*Records supplied*.

==============================

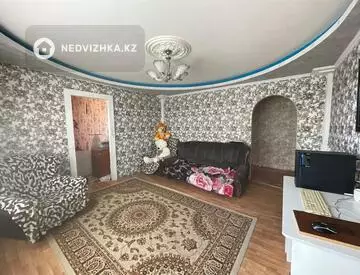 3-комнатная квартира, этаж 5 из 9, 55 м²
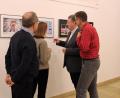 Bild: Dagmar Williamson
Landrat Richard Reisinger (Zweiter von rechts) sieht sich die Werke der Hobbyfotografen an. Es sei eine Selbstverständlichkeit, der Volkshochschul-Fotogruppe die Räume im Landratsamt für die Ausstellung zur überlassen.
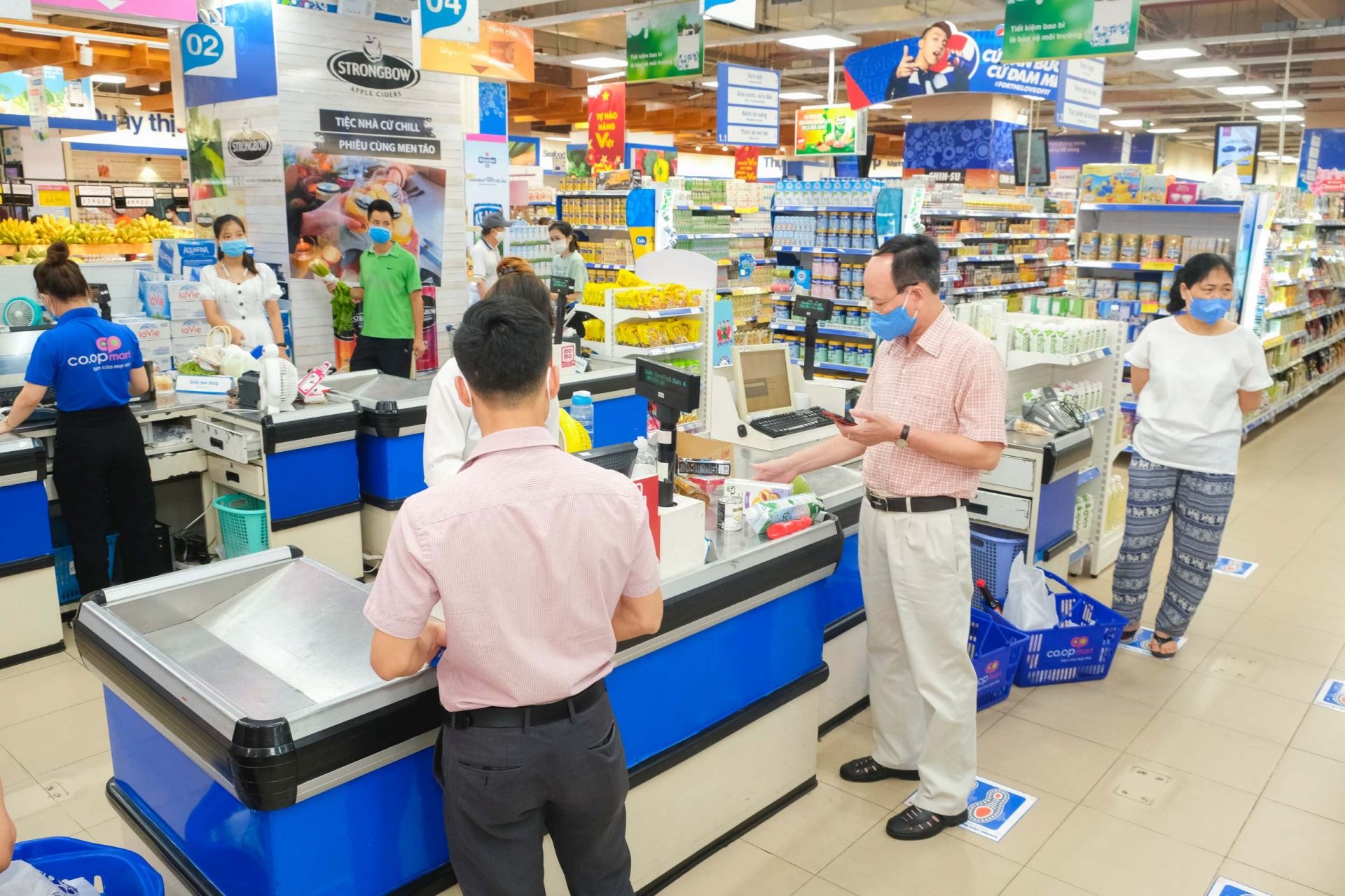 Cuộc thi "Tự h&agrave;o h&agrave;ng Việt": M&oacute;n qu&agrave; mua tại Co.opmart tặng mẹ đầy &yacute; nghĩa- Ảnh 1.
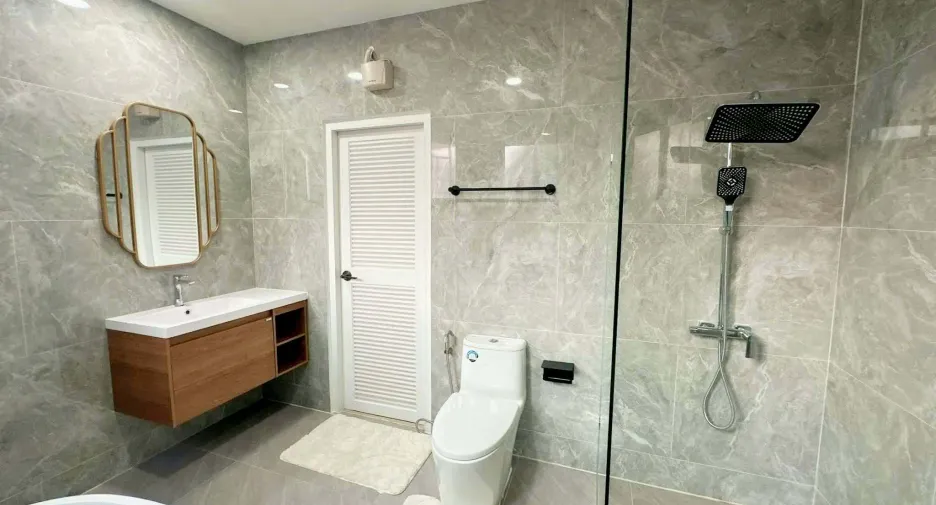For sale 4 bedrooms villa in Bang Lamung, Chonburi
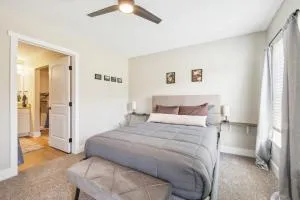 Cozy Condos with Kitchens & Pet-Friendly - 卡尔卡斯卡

==============================

*The problem*. Could you retype exactly, and only, the lines running from the one with "For sale 4 bedrooms" to the last line of the listing, while leaving any pictures out?

*Response*.
For sale 4 bedrooms villa in Bang Lamung, Chonburi
 Cozy Condos with Kitchens & Pet-Friendly - 卡尔卡斯卡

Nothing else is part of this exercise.